While some companies have already hit record highs, other energy giants like BP and TotalEnergies are also seeing significant upward movement in their stock prices. BP’s shares have climbed by 12% since the end of February, bringing the company’s market valuation to £82bn. Similarly, France’s TotalEnergies recorded a 10% gain, reaching a value of approximately €176bn as investors react to the Middle East supply crunch.
These gains come as the world struggles with an “energy supply shock” that has pushed the price of oil well above $100 per barrel. TotalEnergies and BP have benefited from the rising tide of energy prices, even as they work to manage their diverse global portfolios during a time of war. The market’s reaction suggests that investors still view these firms as essential components of the global economy, despite the ongoing shift toward renewables.

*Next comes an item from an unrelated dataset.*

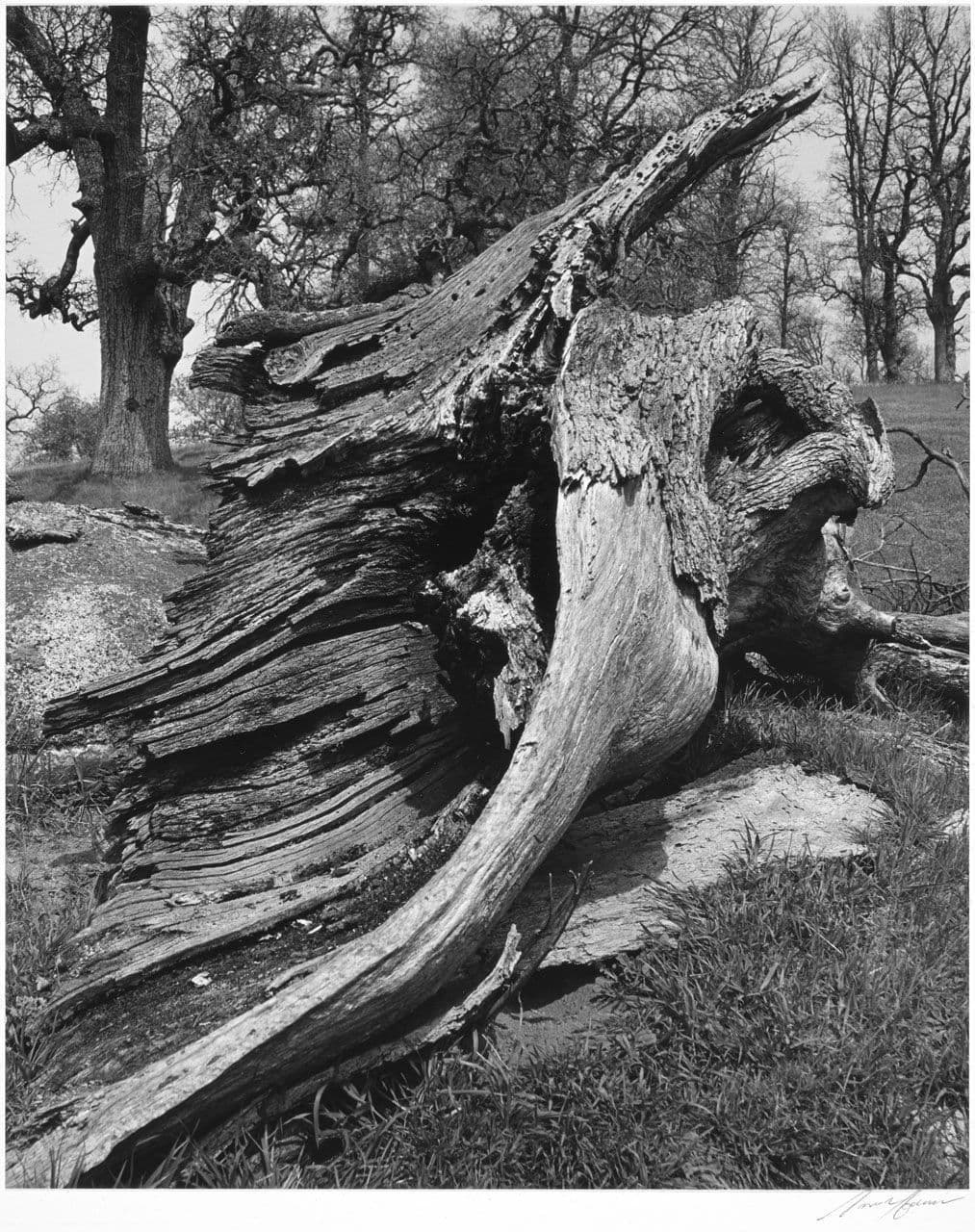 Wood Detail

The current crisis has also affected secondary energy markets, including liquefied natural gas (LNG). Shutdowns in Qatar have tightened the global gas supply, further driving up prices and benefiting companies with alternative production assets. For many of these firms, the increased revenue from high prices is more than enough to cover the losses from temporary production halts.

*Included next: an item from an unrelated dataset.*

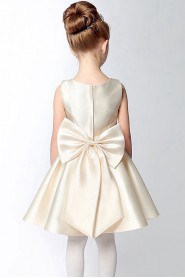 A-line Flower Girl Dress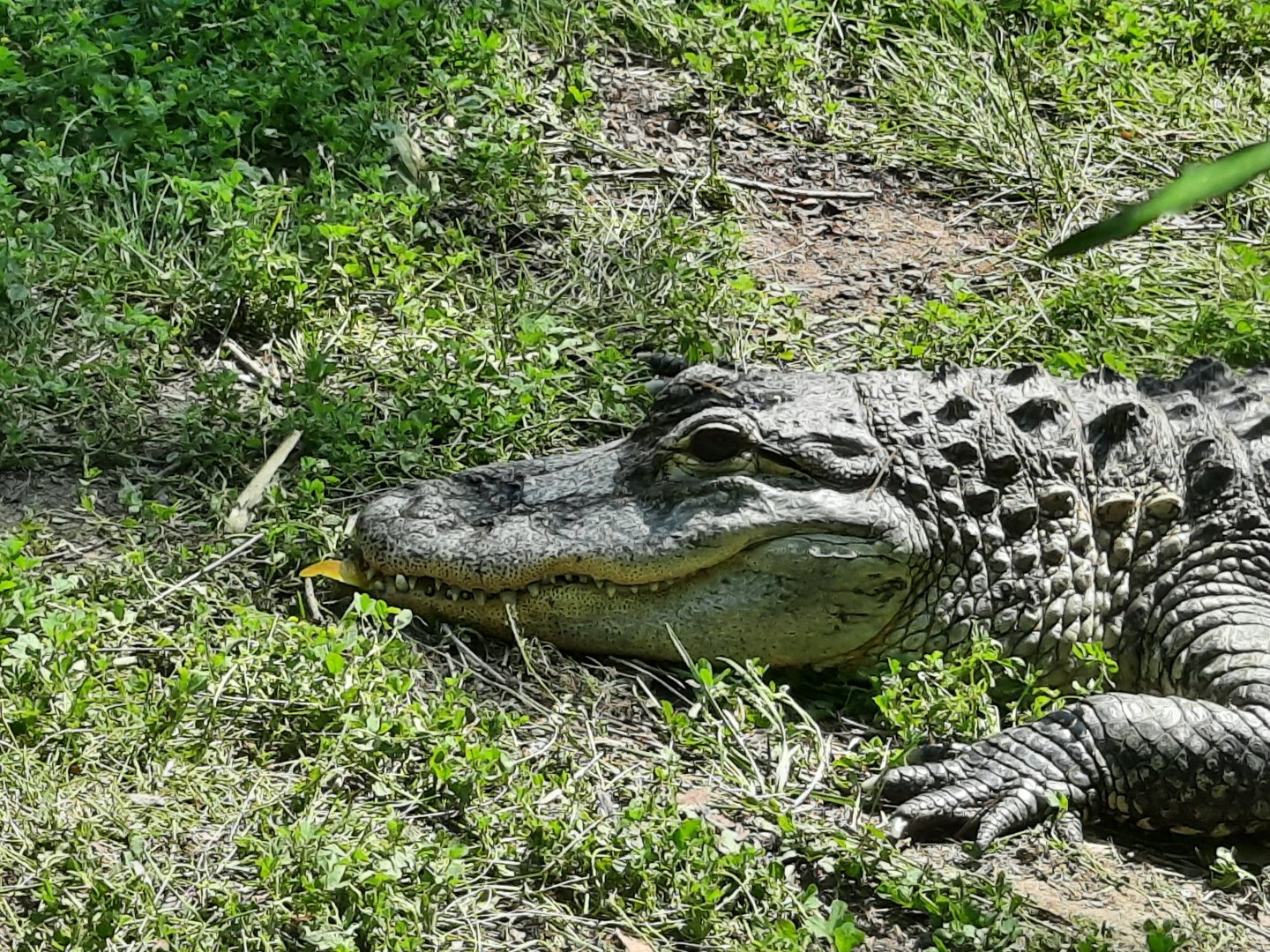 American Alligator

As these companies record double-digit gains, the call for a “socially just” tax response is growing louder. Environmental groups are advocating for a windfall tax that would serve two purposes: providing immediate financial relief to families and funding the transition to a low-carbon economy. They argue that allowing these companies to keep war-driven profits is a form of “climate disruption” subsidy.
The tension between profit and policy is likely to be a defining feature of the 2026 energy market. Governments must decide if they will allow the “super majors” to retain these historic gains or if they will intervene to redistribute the wealth. The choice will have long-lasting implications for global energy stability and the pace of the clean energy transition.